Licensing the Secondary High Availability and Disaster Appliances

Perform the following steps to license the Secondary appliance:

  1. You can log in to the Web Configuration Utility using any web browser supported by SL1. The address of the Web Configuration Utility is in the following format:

https://<ip-address-of-appliance>:7700

Enter the address of the Web Configuration Utility in to the address bar of your browser, replacing "ip-address-of-appliance" with the IP address of the Secondary appliance.

  1. You will be prompted to enter your username and password. Log in as the "em7admin" user with the password you configured using the Setup Wizard.
  2. The Configuration Utilities page appears. Click the Licensing button. The Licensing Step 1 page appears:

The Licensing page step 1

  1. Click the Generate a Registration Key button.
  2. When prompted, save the Registration Key file to your local disk.
  3. Log in to the ScienceLogic Support Site at https://support.sciencelogic.com/s/. Click the License Request tab and follow the instructions for requesting a license key. ScienceLogic will provide you with a License Key file that corresponds to the Registration Key file.
  4. Return to the Web Configuration Utility:

The Licensing page step 2

  1. On the Licensing Step 2 page, click the Upload button to upload the license file. After navigating to and selecting the license file, click the Submit button to finalize the license. The Success message appears:

The Licensing page step 2 with success

Upon login, SL1 will display a warning message if your license is 30 days or less from expiration, or if it has already expired. If you see this message, take action to update your license immediately.

  1. Repeat steps 1 - 8 for the Disaster Recovery appliance.

Configuring Data Collection Servers and Message Collection Servers

If you are using a distributed system, you must configure the Data Collectors and Message Collectors to use the new multi-Database Server configuration.

To configure a Data Collector or Message Collector to use the new configuration:

  1. You can log in to the Web Configuration Utility using any web browser supported by SL1. The address of the Web Configuration Utility is in the following format:

https://<ip-address-of-appliance>:7700

Enter the address of the Web Configuration Utility in the address bar of your browser, replacing "ip-address-of-appliance" with the IP address of the Data Collector or Message Collector.

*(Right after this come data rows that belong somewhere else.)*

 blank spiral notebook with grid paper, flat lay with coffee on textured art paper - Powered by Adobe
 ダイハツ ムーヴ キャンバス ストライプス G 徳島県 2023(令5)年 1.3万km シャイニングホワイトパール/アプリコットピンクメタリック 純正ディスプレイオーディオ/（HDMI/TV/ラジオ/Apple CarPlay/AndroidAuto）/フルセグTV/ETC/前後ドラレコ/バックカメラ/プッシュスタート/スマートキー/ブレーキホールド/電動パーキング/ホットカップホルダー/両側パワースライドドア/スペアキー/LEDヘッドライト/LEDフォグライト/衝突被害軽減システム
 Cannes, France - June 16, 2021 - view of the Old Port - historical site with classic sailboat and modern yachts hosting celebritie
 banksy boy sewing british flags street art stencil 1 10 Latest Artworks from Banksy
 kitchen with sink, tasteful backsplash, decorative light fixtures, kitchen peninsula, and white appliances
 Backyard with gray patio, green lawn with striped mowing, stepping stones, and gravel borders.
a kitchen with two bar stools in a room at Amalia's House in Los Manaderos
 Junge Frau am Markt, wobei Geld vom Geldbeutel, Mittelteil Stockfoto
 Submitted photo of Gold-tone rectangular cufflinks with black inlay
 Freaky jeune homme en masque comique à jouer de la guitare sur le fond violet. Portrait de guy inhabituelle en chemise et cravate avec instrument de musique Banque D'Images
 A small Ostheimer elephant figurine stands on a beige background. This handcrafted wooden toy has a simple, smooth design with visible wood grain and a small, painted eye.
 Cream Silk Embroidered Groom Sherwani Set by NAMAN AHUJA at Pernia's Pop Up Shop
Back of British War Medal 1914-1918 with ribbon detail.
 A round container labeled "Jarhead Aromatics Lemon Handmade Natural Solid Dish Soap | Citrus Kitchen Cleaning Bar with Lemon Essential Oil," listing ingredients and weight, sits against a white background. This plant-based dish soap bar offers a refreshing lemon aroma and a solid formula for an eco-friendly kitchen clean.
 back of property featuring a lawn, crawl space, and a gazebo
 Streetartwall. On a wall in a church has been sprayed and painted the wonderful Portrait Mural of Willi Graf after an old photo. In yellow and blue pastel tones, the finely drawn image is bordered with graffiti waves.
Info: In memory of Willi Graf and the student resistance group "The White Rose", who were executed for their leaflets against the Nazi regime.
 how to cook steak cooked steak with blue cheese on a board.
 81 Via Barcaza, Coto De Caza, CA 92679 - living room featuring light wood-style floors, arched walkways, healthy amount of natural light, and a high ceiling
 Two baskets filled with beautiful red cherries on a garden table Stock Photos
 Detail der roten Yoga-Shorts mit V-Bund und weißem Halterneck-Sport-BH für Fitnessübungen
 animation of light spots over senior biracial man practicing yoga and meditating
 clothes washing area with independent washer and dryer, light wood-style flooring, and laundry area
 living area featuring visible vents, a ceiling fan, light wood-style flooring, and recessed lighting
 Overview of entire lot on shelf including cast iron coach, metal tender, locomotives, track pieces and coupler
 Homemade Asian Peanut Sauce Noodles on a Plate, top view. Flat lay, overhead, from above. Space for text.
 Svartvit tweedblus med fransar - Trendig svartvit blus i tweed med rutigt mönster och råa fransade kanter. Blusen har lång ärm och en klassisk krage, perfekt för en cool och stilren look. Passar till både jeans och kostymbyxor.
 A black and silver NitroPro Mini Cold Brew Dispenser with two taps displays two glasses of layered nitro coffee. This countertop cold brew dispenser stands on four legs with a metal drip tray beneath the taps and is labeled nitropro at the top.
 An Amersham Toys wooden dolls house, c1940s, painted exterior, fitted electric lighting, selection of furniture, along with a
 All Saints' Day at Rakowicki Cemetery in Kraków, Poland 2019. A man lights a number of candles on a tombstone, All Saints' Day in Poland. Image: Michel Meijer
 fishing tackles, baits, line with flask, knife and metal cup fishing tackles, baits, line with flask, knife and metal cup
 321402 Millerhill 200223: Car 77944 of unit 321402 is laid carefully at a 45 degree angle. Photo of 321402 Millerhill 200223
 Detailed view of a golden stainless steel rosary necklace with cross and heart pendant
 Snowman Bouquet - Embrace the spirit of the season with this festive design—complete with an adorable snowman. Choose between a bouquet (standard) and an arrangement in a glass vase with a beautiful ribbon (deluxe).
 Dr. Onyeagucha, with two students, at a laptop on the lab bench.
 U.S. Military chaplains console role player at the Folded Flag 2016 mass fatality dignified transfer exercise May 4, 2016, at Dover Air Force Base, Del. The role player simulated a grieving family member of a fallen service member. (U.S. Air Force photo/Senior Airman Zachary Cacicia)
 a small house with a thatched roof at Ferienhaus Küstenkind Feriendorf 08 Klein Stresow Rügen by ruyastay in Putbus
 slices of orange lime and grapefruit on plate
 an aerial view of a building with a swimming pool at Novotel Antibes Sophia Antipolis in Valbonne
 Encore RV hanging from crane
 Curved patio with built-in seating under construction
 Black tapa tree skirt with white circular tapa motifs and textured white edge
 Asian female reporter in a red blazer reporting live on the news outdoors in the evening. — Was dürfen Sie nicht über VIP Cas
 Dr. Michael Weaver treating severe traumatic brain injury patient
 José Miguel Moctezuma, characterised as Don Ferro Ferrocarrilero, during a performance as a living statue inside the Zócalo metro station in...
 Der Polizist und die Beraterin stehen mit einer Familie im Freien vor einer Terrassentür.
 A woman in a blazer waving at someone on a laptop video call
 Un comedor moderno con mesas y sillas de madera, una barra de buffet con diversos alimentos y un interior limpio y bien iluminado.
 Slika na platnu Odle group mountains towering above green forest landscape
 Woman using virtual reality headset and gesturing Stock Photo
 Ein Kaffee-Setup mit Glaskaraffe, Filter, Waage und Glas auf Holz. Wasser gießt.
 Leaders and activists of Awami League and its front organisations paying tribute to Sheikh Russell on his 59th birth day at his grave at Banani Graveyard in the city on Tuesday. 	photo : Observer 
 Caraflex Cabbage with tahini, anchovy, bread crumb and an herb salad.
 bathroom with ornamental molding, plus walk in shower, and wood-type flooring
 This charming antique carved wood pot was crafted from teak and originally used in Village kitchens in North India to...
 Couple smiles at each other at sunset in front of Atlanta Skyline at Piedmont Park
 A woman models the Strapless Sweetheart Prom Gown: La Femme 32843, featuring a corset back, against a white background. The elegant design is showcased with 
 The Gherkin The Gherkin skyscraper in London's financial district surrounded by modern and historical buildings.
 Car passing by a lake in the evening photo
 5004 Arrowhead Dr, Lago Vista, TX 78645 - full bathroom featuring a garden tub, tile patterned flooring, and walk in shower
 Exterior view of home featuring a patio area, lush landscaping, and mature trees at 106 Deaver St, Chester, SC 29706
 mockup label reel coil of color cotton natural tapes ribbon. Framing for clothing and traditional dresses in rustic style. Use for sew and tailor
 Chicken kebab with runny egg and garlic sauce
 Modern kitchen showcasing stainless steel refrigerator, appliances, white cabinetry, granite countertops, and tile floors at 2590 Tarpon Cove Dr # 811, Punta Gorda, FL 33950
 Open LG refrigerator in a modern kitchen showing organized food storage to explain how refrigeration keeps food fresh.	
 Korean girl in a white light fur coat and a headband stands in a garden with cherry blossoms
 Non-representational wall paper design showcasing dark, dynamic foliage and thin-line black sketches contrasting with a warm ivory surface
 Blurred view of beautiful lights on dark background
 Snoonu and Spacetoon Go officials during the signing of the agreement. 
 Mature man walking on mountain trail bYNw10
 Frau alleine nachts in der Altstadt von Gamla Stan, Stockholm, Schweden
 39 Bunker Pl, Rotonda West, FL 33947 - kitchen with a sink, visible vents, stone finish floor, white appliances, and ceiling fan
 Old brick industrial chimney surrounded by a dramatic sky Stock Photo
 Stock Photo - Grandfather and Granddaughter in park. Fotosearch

  1. You will be prompted to enter your user name and password. Log in as the em7admin user with the password you configured using the Setup Wizard.
  2. On the Configuration Utilities page, click the Device Settings button. The Settings page appears:

The Settings page

  1. On the Settings page, enter the following:
    • Database IP Address. Enter the IP addresses of all the Database Servers, separated by commas.
  2. Click the Save button. You may now log out of the Web Configuration Utility for that collector.
  3. Perform steps 1-5 for each Data Collector and Message Collector in your system.

Starting with SL1 version 11.3.0, SL1 will raise a "Collector Outage" event if a Data Collector or Message Collector could not be reached from either a primary or secondary Database Server.

Failover

Failover is the process by which database services are transferred from the active database to the passive database. You can manually perform failover for testing purposes.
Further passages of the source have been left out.